Ich bin in einem unausstehlichen Sanatorium.

Natürlich war ich krank, als man mich herbrachte, denn freiwillig hätte ich mich niemals hier einsperren lassen. Zwar habe ich sehr schöne Zimmer und einen Erker, in dem ich mit Vorliebe sitze. Ich kann von dort über eine wunderschöne, sanftgeschwungene und bewaldete Bergkette sehen. Aber sonst –

Der Chefarzt ist ein süßlicher Bär mit einem schwarzen Vollbart, der alles lügt, was er spricht.

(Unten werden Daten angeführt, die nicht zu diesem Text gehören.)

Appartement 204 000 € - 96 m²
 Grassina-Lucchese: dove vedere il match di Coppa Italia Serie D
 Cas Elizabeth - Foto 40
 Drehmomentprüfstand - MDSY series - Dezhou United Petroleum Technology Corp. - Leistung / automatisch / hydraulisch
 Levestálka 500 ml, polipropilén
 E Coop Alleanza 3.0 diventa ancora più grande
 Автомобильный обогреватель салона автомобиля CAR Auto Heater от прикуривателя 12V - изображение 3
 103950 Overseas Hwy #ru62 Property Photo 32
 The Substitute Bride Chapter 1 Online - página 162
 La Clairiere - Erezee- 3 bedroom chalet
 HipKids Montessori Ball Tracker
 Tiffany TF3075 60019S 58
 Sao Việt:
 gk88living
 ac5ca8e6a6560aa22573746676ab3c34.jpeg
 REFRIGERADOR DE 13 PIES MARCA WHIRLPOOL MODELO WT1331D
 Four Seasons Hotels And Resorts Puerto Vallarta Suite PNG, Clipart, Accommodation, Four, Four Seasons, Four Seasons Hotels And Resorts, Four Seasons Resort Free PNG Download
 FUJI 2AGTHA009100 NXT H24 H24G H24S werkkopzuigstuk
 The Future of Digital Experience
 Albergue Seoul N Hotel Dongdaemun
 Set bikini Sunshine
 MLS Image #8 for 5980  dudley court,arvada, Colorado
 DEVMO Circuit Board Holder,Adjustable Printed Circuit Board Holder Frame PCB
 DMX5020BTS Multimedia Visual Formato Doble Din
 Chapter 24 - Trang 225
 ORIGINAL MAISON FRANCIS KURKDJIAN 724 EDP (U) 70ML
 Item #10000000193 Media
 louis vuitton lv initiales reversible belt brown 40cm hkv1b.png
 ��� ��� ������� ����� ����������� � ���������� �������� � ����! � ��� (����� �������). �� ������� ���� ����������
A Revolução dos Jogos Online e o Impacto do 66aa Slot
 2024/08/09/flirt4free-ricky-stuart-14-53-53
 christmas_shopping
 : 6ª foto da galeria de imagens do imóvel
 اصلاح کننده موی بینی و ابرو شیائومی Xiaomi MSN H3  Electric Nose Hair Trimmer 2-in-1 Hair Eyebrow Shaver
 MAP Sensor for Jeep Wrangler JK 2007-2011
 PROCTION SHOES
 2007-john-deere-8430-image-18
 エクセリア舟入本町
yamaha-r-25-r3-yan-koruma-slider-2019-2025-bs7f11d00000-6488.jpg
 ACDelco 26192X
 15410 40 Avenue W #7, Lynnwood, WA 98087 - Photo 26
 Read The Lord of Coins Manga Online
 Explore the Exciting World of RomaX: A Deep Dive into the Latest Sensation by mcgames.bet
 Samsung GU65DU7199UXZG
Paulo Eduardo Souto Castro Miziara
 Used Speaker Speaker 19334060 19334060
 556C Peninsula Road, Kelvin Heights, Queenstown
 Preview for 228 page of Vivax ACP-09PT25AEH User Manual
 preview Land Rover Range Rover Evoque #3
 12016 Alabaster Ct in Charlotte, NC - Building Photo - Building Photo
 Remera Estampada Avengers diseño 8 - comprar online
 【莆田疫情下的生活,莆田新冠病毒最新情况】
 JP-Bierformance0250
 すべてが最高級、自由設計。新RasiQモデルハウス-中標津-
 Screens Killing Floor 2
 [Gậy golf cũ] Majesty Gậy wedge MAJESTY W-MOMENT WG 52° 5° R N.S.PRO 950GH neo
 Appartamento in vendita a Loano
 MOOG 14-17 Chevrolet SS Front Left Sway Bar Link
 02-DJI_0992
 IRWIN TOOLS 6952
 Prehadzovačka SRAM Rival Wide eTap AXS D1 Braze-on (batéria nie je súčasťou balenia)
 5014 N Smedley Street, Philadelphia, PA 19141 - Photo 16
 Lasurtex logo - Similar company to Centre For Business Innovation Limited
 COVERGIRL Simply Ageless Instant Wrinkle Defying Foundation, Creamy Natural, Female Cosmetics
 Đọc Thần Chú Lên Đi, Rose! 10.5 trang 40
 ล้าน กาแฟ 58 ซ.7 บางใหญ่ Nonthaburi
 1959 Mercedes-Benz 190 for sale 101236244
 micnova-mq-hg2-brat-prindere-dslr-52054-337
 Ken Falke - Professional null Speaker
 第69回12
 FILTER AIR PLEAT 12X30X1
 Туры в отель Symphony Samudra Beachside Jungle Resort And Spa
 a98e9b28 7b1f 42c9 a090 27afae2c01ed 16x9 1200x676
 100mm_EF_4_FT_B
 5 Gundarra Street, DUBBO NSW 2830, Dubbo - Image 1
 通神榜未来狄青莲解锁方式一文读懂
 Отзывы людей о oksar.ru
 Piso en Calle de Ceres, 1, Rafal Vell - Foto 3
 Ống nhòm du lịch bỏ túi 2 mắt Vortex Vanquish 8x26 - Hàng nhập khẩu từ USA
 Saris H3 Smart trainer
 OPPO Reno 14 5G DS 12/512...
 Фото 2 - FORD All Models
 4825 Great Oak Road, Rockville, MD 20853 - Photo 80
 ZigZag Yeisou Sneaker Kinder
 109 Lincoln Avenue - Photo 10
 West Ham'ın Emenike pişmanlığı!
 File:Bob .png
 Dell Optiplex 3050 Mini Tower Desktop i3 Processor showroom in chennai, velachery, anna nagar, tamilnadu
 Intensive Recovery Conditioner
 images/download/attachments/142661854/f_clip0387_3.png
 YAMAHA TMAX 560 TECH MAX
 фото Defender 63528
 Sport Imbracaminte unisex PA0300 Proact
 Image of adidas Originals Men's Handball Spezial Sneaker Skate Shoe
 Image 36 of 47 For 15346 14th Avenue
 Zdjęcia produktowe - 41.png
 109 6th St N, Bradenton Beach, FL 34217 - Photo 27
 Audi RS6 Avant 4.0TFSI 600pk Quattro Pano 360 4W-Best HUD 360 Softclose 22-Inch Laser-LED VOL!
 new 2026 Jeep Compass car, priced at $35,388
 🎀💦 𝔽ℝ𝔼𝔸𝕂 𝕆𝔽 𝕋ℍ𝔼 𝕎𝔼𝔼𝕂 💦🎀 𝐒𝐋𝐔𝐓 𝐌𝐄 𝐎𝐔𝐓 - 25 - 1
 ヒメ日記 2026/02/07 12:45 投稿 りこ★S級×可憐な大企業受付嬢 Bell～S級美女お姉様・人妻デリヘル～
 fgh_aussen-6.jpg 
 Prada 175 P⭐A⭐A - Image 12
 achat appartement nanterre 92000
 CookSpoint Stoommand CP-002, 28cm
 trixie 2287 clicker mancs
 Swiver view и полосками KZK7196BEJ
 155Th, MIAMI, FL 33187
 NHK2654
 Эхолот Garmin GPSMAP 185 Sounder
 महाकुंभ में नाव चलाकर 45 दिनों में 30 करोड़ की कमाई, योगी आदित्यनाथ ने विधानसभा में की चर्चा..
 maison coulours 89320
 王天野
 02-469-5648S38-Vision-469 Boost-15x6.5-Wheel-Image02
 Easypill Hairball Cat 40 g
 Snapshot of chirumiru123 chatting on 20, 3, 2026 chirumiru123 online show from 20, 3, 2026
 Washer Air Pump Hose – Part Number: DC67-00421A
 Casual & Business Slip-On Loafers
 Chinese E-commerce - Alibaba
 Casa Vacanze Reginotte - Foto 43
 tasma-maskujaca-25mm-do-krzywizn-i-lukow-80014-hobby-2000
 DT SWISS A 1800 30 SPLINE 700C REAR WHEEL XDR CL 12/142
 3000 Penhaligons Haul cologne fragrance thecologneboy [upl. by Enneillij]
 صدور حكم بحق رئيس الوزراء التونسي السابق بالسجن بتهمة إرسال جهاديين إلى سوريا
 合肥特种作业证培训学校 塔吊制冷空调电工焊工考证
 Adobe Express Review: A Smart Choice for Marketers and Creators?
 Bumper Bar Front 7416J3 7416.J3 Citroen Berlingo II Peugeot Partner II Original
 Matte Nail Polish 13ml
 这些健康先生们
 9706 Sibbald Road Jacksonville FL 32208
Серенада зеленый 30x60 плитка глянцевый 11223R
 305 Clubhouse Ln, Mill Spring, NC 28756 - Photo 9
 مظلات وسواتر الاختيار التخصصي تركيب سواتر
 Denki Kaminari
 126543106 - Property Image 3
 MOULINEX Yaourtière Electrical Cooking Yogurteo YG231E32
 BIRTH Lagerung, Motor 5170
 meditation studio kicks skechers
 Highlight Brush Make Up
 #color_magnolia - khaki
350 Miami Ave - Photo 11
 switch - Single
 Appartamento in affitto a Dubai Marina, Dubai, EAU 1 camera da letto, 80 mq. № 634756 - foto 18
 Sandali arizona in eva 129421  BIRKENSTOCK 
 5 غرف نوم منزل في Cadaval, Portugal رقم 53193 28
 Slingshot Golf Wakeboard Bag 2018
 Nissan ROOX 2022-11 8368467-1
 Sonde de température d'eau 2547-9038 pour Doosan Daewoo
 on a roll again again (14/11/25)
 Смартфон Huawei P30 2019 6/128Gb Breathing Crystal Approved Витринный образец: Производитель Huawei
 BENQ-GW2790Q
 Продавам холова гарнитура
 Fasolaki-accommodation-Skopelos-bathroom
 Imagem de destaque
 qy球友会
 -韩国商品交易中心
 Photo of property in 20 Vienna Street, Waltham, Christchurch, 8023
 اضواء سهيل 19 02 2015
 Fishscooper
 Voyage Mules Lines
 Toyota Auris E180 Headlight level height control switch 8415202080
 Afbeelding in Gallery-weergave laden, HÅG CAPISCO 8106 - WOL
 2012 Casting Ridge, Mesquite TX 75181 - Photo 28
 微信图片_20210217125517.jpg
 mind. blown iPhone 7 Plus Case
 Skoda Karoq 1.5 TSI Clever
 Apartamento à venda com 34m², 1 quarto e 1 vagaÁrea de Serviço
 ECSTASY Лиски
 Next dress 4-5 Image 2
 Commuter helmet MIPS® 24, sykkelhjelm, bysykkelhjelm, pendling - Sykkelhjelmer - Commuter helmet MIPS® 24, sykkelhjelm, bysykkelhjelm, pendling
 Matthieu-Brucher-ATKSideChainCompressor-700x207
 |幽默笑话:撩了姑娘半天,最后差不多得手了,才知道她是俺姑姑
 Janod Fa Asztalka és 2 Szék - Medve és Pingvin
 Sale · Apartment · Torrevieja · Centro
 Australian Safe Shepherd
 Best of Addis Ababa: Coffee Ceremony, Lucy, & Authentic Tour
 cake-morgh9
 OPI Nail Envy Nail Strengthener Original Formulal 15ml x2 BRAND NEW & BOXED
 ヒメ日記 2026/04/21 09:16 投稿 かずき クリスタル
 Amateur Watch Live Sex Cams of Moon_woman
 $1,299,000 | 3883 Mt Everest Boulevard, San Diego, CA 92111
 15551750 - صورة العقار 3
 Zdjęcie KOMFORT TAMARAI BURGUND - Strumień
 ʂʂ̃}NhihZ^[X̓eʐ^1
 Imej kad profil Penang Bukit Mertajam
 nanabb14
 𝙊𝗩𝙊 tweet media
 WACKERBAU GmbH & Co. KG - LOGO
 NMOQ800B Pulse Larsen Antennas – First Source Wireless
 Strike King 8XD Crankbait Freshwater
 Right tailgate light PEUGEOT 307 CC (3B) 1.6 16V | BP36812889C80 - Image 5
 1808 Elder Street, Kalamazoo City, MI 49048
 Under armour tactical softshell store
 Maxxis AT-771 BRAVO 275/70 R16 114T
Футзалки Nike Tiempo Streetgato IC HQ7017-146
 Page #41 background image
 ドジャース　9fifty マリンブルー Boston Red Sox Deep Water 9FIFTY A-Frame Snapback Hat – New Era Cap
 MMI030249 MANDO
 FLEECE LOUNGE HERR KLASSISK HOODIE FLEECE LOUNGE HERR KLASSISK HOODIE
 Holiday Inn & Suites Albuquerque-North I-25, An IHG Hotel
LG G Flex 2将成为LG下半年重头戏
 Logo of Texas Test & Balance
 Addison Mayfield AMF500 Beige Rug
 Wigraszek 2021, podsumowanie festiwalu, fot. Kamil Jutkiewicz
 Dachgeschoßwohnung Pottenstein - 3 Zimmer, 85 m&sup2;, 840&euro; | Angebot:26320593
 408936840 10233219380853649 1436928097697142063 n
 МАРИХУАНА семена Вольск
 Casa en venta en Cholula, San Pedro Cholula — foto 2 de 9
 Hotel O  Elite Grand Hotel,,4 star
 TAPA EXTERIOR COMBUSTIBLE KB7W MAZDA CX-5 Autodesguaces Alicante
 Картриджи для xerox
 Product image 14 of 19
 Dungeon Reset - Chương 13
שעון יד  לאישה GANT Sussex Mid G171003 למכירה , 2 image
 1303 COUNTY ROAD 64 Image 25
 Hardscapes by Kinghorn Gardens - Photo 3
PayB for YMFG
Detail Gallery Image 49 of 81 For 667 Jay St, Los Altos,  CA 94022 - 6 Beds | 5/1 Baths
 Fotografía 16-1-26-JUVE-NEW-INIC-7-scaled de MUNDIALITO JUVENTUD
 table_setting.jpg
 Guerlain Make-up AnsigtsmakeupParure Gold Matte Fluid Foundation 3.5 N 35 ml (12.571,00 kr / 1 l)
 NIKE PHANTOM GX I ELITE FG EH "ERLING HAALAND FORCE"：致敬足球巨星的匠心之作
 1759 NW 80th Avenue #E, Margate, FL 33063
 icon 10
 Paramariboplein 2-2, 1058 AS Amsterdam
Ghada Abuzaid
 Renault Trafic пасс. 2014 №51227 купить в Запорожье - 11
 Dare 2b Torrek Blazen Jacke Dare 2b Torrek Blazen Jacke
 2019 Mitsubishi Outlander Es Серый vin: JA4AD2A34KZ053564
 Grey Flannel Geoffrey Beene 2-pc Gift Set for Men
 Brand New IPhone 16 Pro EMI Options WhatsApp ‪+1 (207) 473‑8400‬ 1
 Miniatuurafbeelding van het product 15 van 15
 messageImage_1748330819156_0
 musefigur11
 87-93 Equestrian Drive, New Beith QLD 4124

Der Assistenzarzt ist ein Filou, der seine Anwesenheit im Sanatorium dazu geeignet sieht, Frauen zu verführen. Vielleicht ist er eigens dazu engagiert. Was ich bisher sah von Patienten, ist ein Konglomerat von unverstandenen, unbefriedigten Weibern und halb idiotischen Männern.

Der Tag verläuft so:

Früh kalte Abreibung, die ich mir höchstens einmal in der Woche gefallen lasse. Frühstück im Bett. Dann kommt der Assistenzarzt, und wir führen ein artiges Gespräch über die Unfähigkeit des Chefarztes. Ich liege noch zu Bett. Wenn er mir zu nahe kommt, greife ich nach der Klingel. Er lacht. Einmal wagte er zu sagen: »Sie klingeln ja doch nicht, gnädige Frau.« Ich läutete Sturm. Meine Jungfer kam angestürzt und das Zimmermädchen auch. Ich sagte: »Bitte, führen Sie den Herrn hinaus.«

Er tat, als sei das ein guter Witz, aber er wagt sich seitdem doch nicht nahe heran.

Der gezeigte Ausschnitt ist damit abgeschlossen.